Is the murder of three young Muslims in Chapel Hill a hate crime?
In some ways, that question is an oxymoron, because murder is always a hate crime. It doesn’t matter if we label the deed a “crime of passion” a “thrill murder” or the work of a serial killer, murder is always, at some level a crime of hatred.
Murder is also, always, at a slightly deeper point, an act of self-hatred by the murderer his or herself.
People kill other people by accident. But when they do it deliberately and with forethought, it is the worst single expression of hatred that they can put to action. At the same time, there is no way that anyone can take a human life without also killing a piece of their own humanity. That is one way in which murder is a self-hate crime.
But there is another, more direct, way in which it is a crime of self-hatred. Murderers kill other people to destroy something in that person that reflects a part of themselves, their past, or their rage. They kill a piece of themselves when they kill another person, and they do it in a direct and known-only-to-their-deeper-psyche clear-cut way.
Ted Bundy claimed that he was God when he saw the light of life go out in his victim’s eyes. He was nothing of the sort. He was just a man who was killing a hated part of himself every time he killed. Killing is easy. A child can do it. Children do do it.
What is difficult is life. Living together in love despite our differences is the real challenge to our courage. Cowards kill because killing is easy. Only people of courage and conviction reach across that which divides us and offer a hand.

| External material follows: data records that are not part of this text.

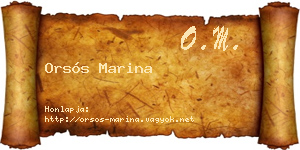 Orsós Marina névjegykártya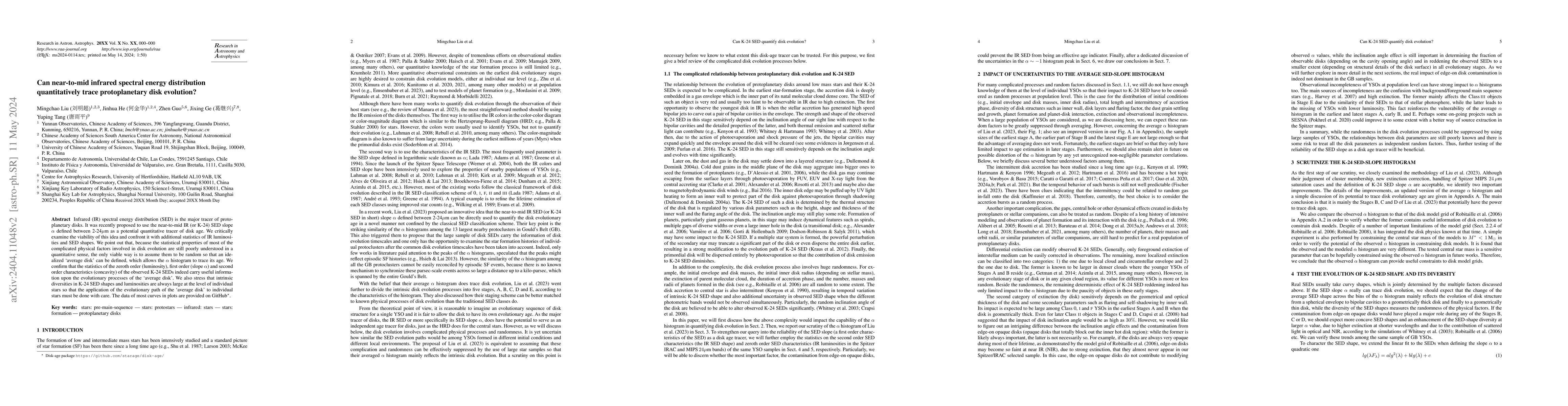 Thumbnail for Can near-to-mid infrared spectral energy distribution quantitatively
  trace protoplanetary disk evolution?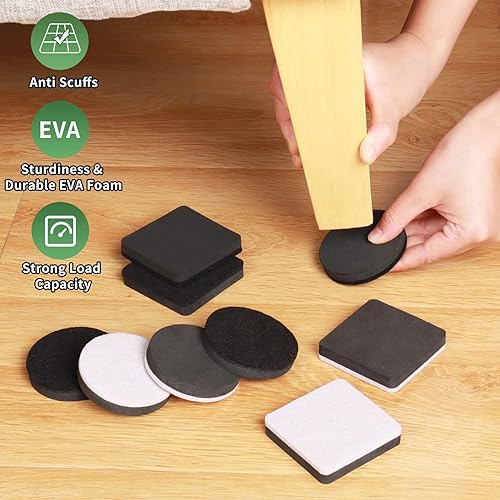 Miniatura 3 de Ezprotekt Deslizadores cuadrados de fieltro de 2.5 pulgadas para suelos de madera dura, 24 almohadillas móviles reutilizables de fieltro para sofá,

Which brings us back to the killer in Chapel Hill. He has turned out to be an inconvenient hate killer. If he was an evangelical Christian, the story of his rage would be number one. The drums would be beating, pounding out the message that the hate-filled language of certain news outlets and a certain religion that it has become fashionable to bash and trash was the “cause” of his hatred.
But in this case, the killer is inconvenient in the extreme. He’s not an evangelical Christian. He’s an atheist. What’s more, he’s evidently a follower of the more radical and least civil expressions of the socio-political movements of aggressive/destructive atheism. By that I mean he’s “friended” such fine folks as the Freedom From Religion Foundation and other uncivil religion-bashing hate groups.
I want to pause here and make a simple point. Being an atheist is nothing. You don’t believe in God? Big whoop. That’s your business and nobody cares.
But the socio/political movement which has grown up around the hate tropes of such authors as the so-called Four Horsemen of Atheism is another thing altogether. That is an uncivil, dishonest Christian-bashing, religion-bashing hate movement that feeds its followers a constant line of slanders and personal attacks against those who have the temerity to hold other opinions and think other thoughts.
Did the killer of these three young people commit a hate crime in the legal sense? That is questionable, and will, I am sure, become political.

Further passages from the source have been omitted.